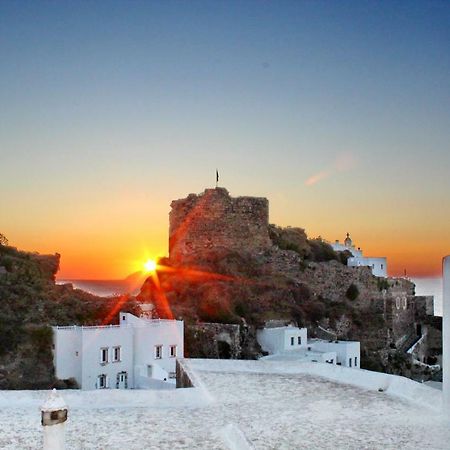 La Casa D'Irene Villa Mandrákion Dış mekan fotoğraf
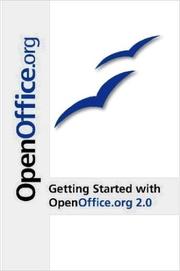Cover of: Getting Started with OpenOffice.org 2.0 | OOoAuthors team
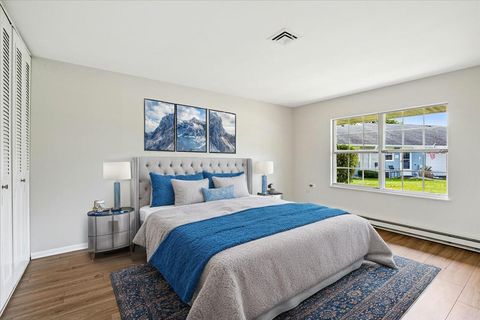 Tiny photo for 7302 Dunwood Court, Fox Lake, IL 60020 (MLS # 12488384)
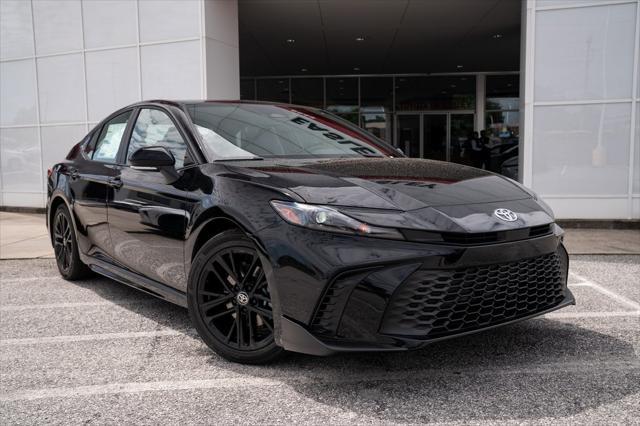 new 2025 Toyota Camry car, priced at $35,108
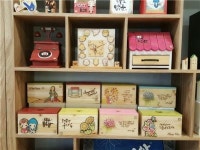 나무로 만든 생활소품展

· · · · ·

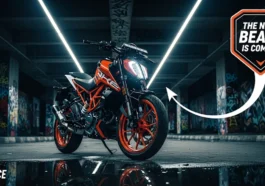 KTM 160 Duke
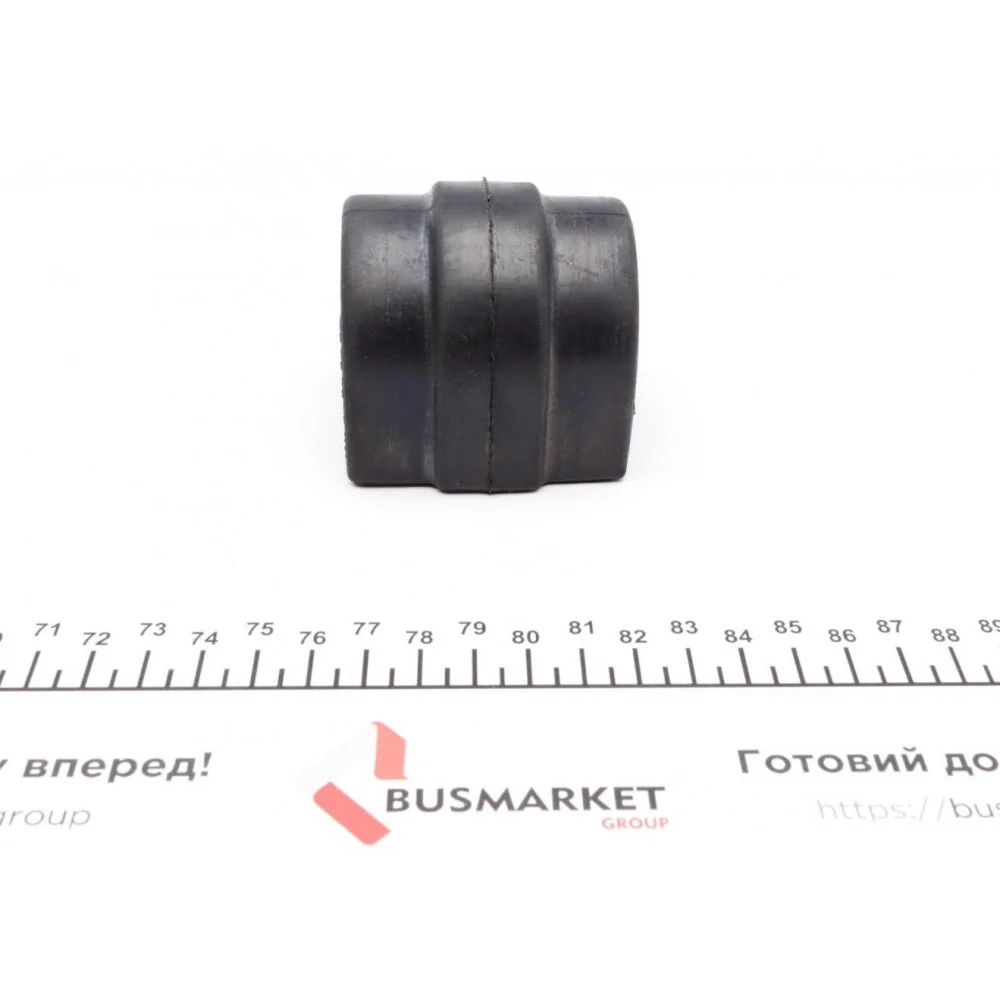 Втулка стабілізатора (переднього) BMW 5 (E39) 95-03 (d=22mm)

· · · · ·

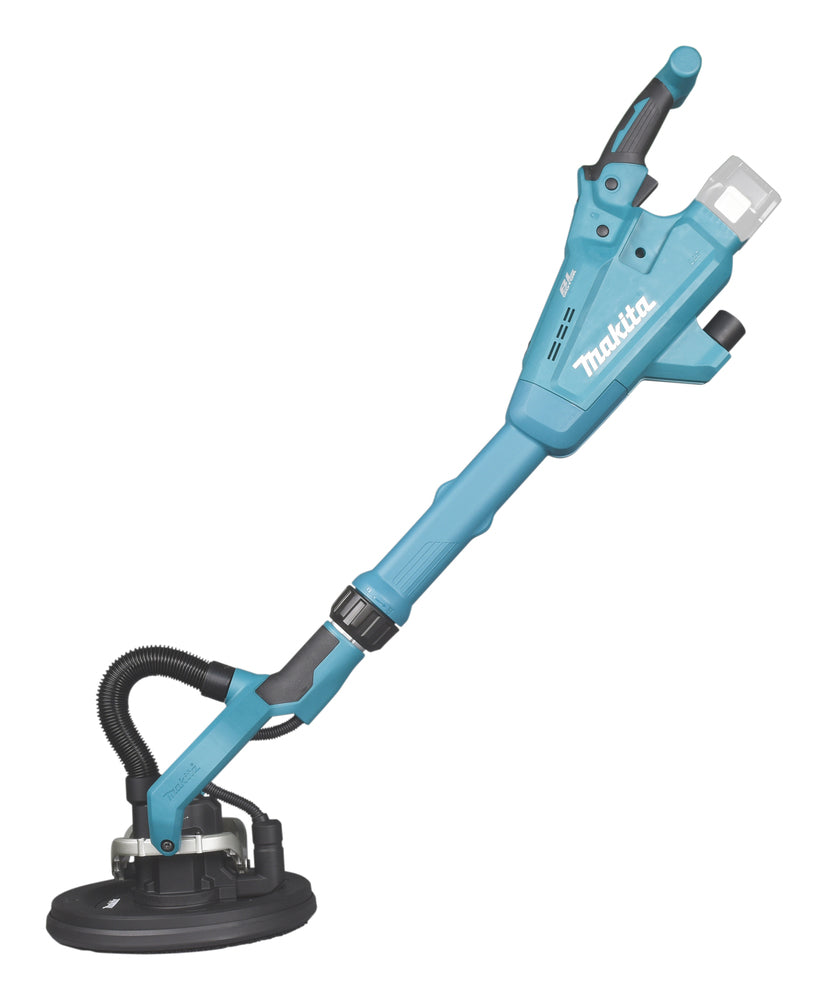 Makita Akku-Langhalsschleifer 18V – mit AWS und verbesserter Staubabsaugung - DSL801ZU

· · · · ·

_Exercise_
Look above for the line with "KTM 160 Duke", then give again exactly every line from there through the line with "Втулка стабілізатора (переднього)", skipping the pictures.

_The completed task_
 KTM 160 Duke
 Втулка стабілізатора (переднього) BMW 5 (E39) 95-03 (d=22mm)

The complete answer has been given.